Below are entries to be transcribed exactly; exclude the pictures from the copy.

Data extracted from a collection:
———
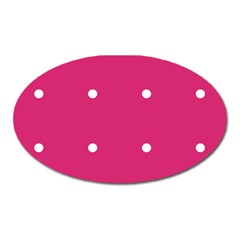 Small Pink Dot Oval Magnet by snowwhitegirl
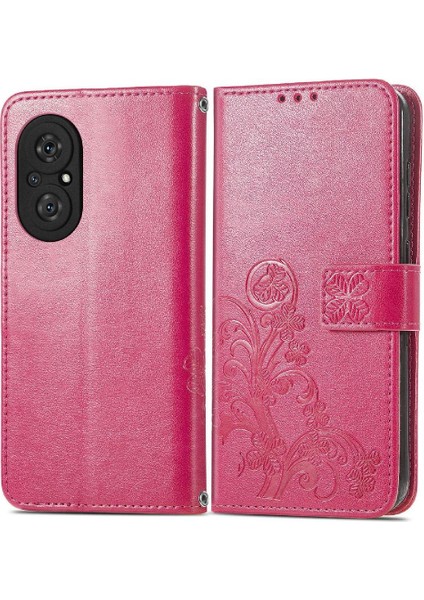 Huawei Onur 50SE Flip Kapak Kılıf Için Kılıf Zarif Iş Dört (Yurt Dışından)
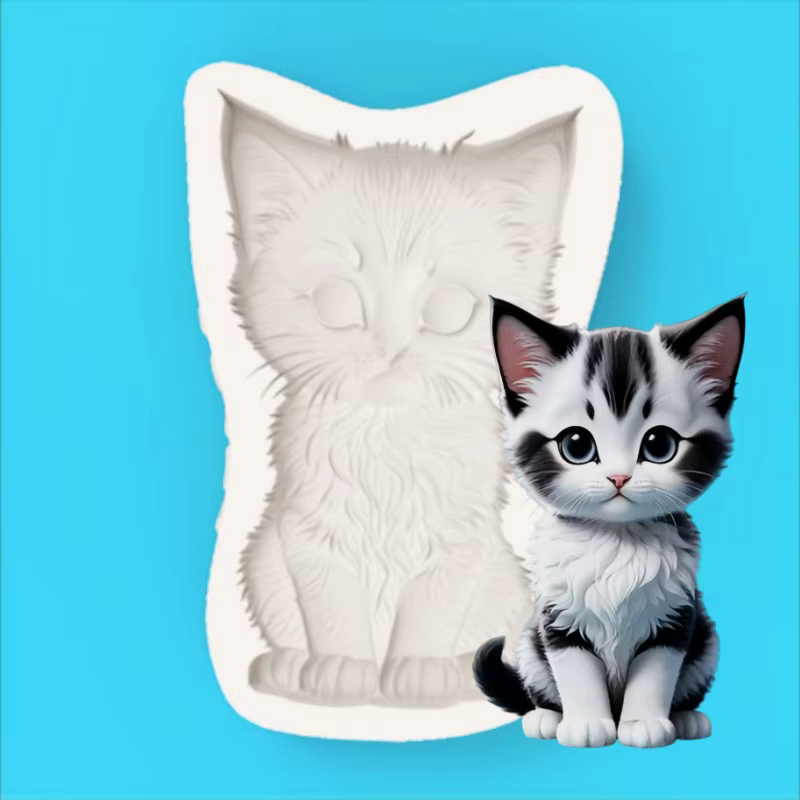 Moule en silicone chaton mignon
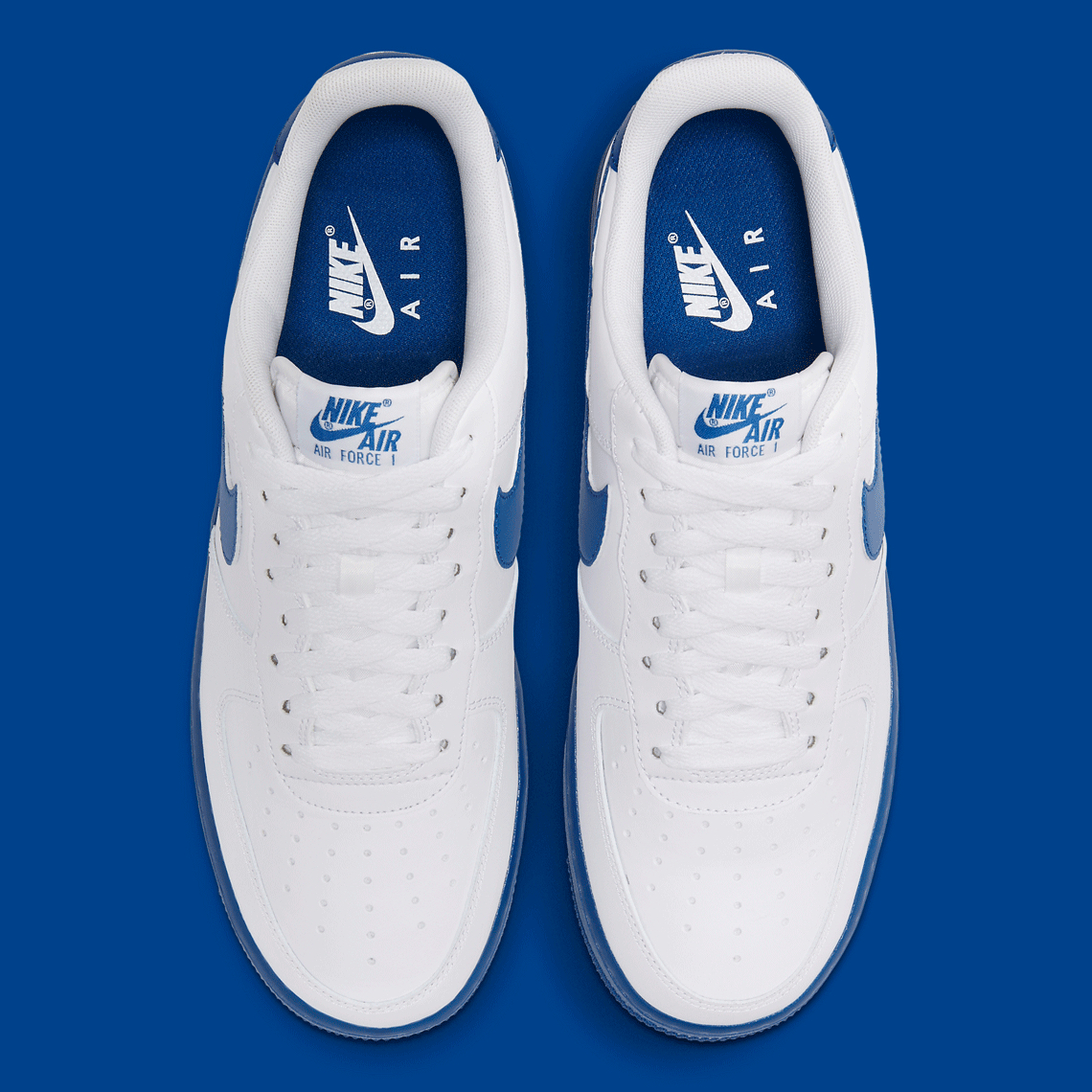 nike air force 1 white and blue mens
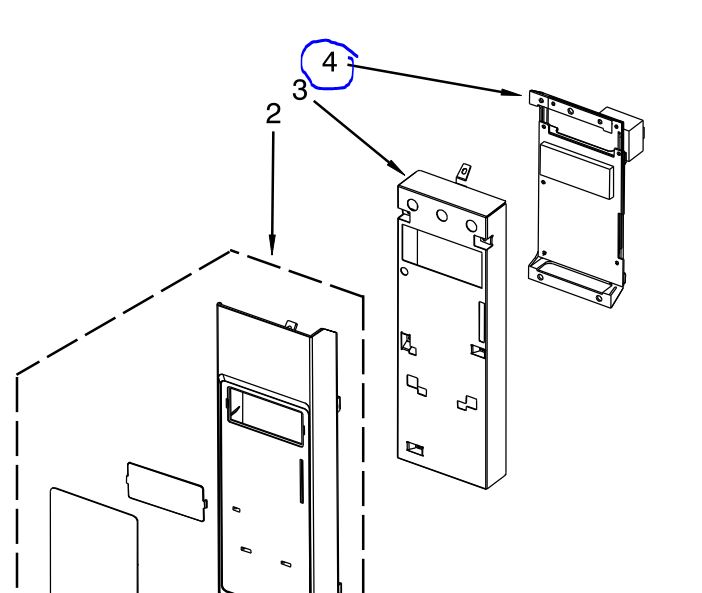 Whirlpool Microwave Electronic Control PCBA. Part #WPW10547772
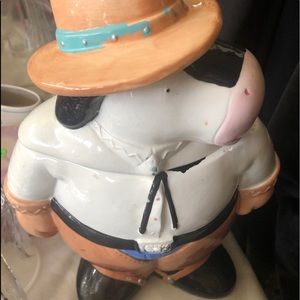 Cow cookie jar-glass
———
:: Answer for this exercise ::
 Small Pink Dot Oval Magnet by snowwhitegirl
 Huawei Onur 50SE Flip Kapak Kılıf Için Kılıf Zarif Iş Dört (Yurt Dışından)
 Moule en silicone chaton mignon
 nike air force 1 white and blue mens
 Whirlpool Microwave Electronic Control PCBA. Part #WPW10547772
 Cow cookie jar-glass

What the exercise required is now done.